Condition token filter

Condition token filter

The condition token filter is a special type of filter that allows you to apply other token filters conditionally based on certain criteria. This provides more control over when certain token filters should be applied during text analysis. Multiple filters can be configured and only applied when they meet the conditions you define. This token filter can be very useful for language-specific processing and handling of special characters.

Parameters

There are two parameters that must be configured in order to use the condition token filter.

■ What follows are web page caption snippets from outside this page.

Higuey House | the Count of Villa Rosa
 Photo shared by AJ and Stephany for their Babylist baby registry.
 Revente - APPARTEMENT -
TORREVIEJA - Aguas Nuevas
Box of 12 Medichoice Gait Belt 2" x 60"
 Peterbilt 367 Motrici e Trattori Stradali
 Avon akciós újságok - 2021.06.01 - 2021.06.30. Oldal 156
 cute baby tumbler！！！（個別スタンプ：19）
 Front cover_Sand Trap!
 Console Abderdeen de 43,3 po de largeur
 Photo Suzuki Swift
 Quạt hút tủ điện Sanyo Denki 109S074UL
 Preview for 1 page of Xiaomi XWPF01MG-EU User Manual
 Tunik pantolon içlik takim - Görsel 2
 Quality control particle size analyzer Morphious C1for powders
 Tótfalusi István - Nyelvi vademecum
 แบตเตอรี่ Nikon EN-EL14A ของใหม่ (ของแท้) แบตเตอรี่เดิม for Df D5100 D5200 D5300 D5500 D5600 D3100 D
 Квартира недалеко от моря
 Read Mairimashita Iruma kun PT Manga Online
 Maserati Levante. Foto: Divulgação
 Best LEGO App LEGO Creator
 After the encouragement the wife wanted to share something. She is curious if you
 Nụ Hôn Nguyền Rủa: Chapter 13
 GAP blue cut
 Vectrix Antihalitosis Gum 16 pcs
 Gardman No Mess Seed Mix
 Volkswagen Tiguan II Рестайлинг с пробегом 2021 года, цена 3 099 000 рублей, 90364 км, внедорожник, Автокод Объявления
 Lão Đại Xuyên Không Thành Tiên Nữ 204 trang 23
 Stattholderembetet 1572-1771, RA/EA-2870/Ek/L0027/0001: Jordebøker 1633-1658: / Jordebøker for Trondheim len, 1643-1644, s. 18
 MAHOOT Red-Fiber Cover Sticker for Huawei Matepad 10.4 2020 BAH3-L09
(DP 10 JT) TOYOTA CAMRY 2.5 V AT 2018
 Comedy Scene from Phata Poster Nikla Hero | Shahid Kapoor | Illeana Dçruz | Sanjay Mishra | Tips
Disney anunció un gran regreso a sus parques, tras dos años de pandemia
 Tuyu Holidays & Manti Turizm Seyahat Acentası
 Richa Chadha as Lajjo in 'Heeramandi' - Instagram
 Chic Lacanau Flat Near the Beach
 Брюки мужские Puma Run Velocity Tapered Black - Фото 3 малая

Parameter	Required/Optional	Data type	Description
`filter`	Required	Array	Specifies which token filters should be applied to the tokens when the specified condition (defined by the `script` parameter) is met.
`script`	Required	Object	Configures an inline script that defines the condition that needs to be met in order for the filters specified in the `filter` parameter to be applied (only inline scripts are accepted).

Example

The following example request creates a new index named my_conditional_index and configures an analyzer with a condition filter. This filter applies a lowercase filter to any tokens that contain the character sequence “um”:

PUT /my_conditional_index
{
  "settings": {
    "analysis": {
      "filter": {
        "my_conditional_filter": {
          "type": "condition",
          "filter": ["lowercase"],
          "script": {
            "source": "token.getTerm().toString().contains('um')"
          }
        }
      },
      "analyzer": {
        "my_analyzer": {
          "type": "custom",
          "tokenizer": "standard",
          "filter": [
            "my_conditional_filter"
          ]
        }
      }
    }
  }
}

copy

Generated tokens

Use the following request to examine the tokens generated using the analyzer:

GET /my_conditional_index/_analyze
{
  "analyzer": "my_analyzer",
  "text": "THE BLACK CAT JUMPS OVER A LAZY DOG"
}

copy

The response contains the generated tokens:

{
  "tokens": [
    {
      "token": "THE",
      "start_offset": 0,
      "end_offset": 3,
      "type": "<ALPHANUM>",
      "position": 0
    },
    {
      "token": "BLACK",
      "start_offset": 4,
      "end_offset": 9,
      "type": "<ALPHANUM>",
      "position": 1
    },
    {
      "token": "CAT",
      "start_offset": 10,
      "end_offset": 13,
      "type": "<ALPHANUM>",
      "position": 2
    },
    {
      "token": "jumps",
      "start_offset": 14,
      "end_offset": 19,
      "type": "<ALPHANUM>",
      "position": 3
    },
    {
      "token": "OVER",
      "start_offset": 20,
      "end_offset": 24,
      "type": "<ALPHANUM>",
      "position": 4
    },
    {
      "token": "A",
      "start_offset": 25,
      "end_offset": 26,
      "type": "<ALPHANUM>",
      "position": 5
    },
    {
      "token": "LAZY",
      "start_offset": 27,
      "end_offset": 31,
      "type": "<ALPHANUM>",
      "position": 6
    },
    {
      "token": "DOG",
      "start_offset": 32,
      "end_offset": 35,
      "type": "<ALPHANUM>",
      "position": 7
    }
  ]
}